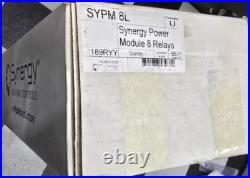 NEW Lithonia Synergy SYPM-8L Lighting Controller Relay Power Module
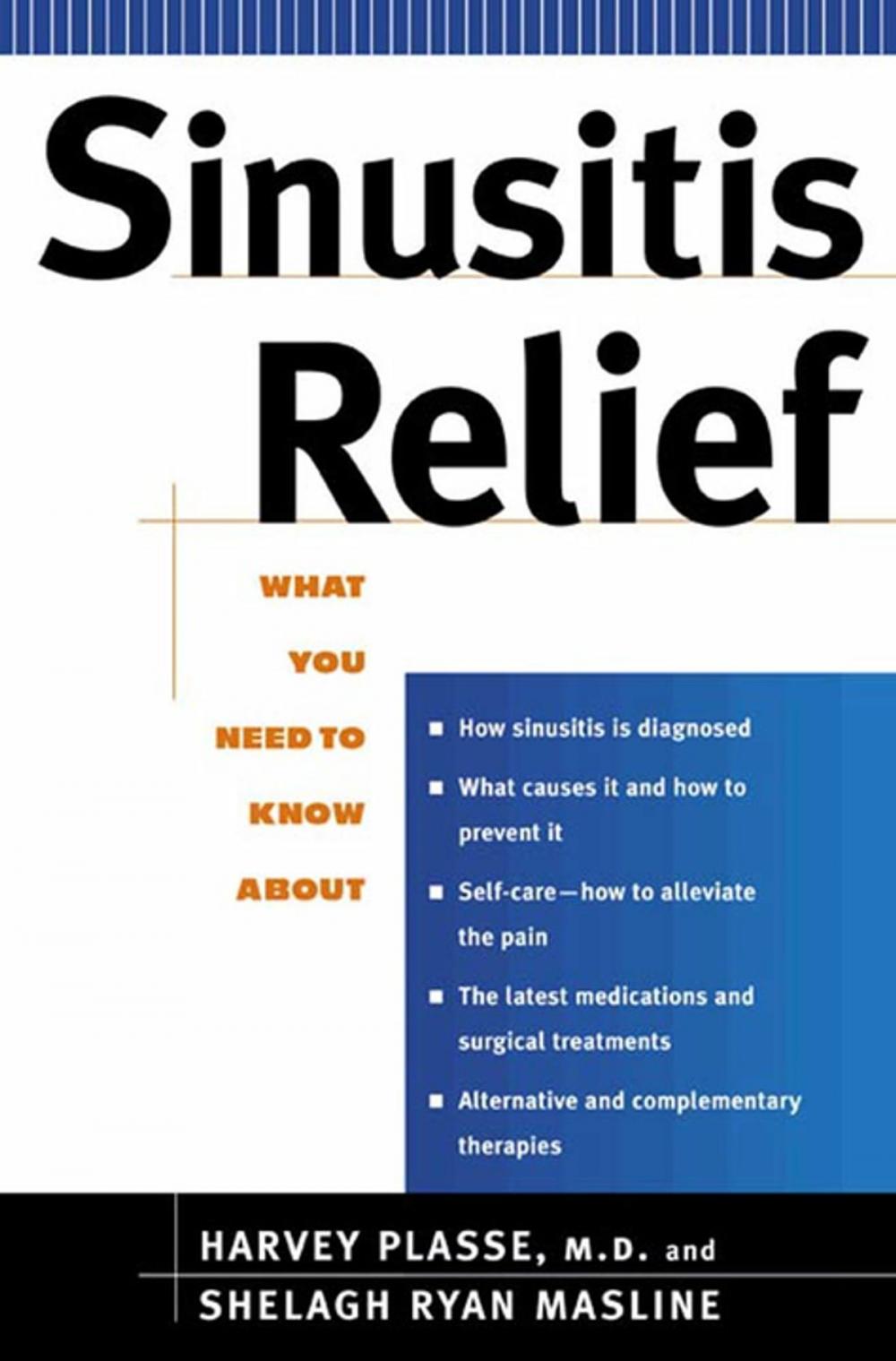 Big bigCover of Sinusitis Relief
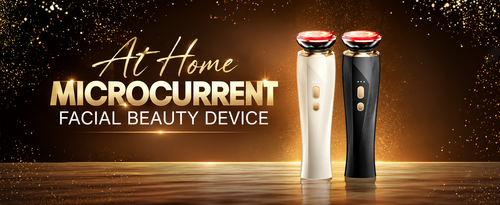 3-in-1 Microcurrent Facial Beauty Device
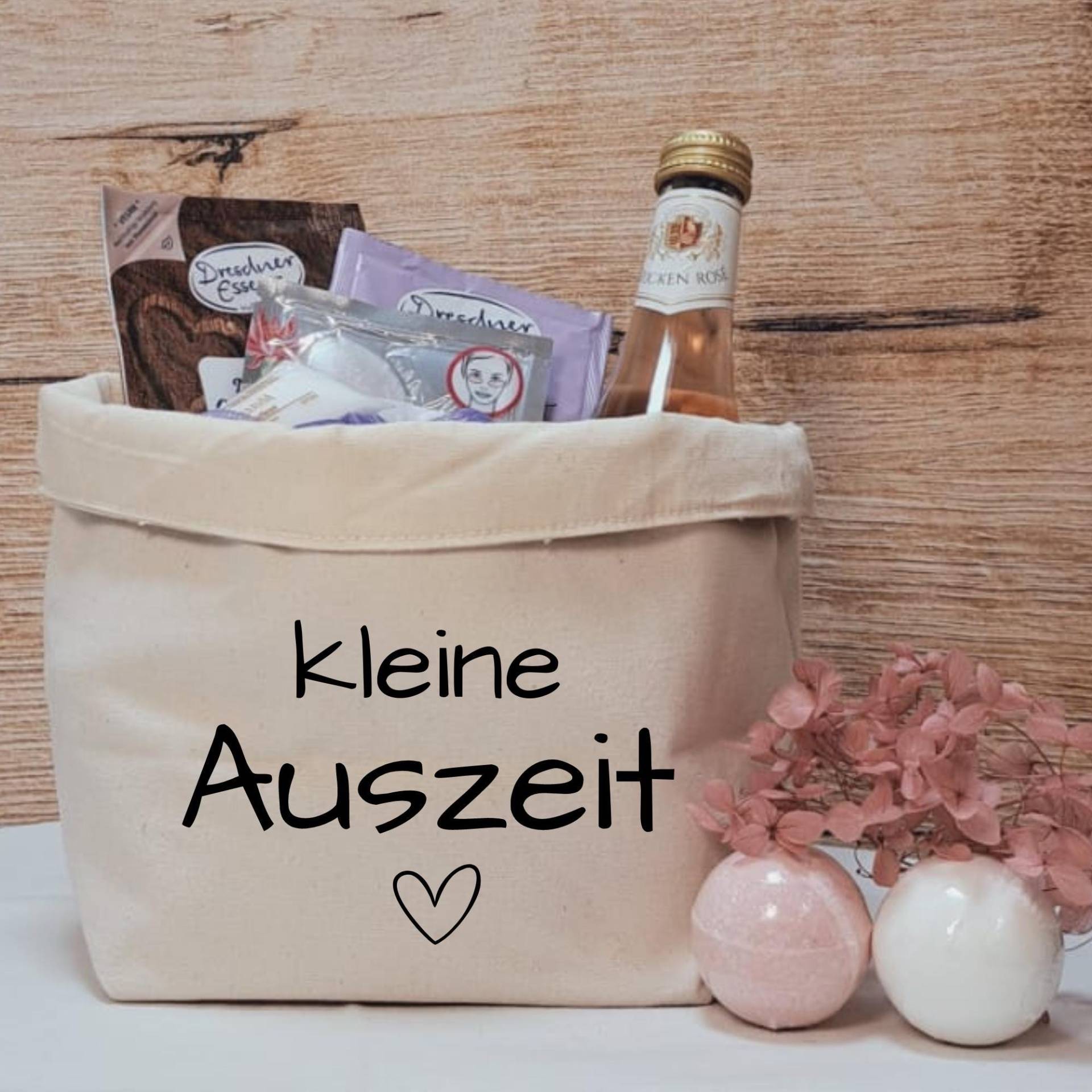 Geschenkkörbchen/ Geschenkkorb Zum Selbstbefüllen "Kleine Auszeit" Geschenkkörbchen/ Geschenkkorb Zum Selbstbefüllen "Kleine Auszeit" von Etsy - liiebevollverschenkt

* * *

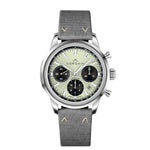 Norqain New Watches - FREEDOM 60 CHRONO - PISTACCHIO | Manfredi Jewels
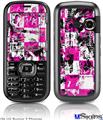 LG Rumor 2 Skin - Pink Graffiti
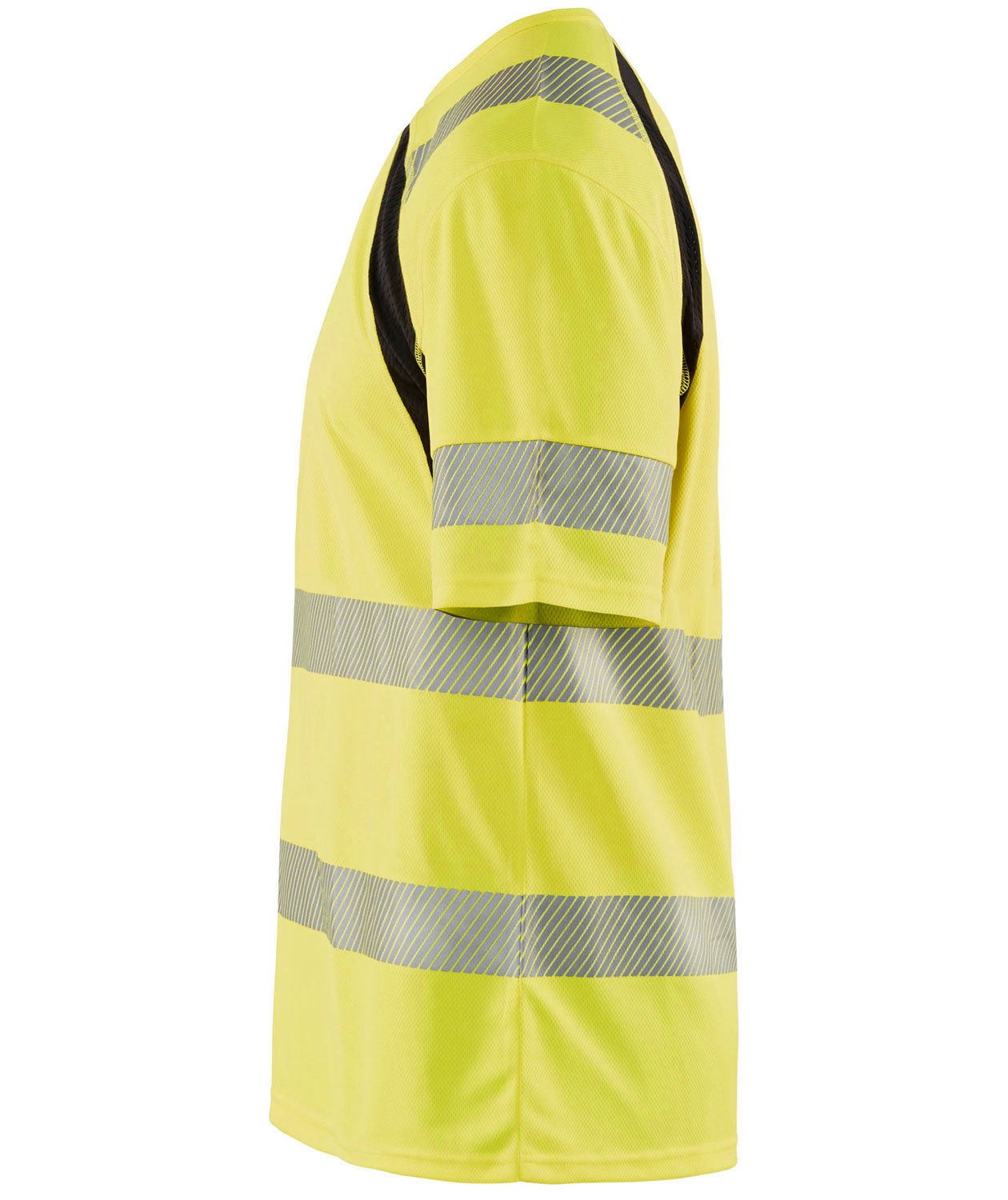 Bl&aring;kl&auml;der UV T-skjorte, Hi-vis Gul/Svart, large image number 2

==

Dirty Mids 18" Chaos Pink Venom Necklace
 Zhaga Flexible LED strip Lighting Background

__GOAL OF THE EXERCISE__
Only one stretch of the listing is wanted: the lines starting at the one with "LG Rumor 2 Skin - Pink Graffiti" and ending at the one with "Bl&aring;kl&auml;der UV T-skjorte, Hi-vis", copied exactly and free of pictures.

__EXERCISE ANSWER__
 LG Rumor 2 Skin - Pink Graffiti
 Bl&aring;kl&auml;der UV T-skjorte, Hi-vis Gul/Svart, large image number 2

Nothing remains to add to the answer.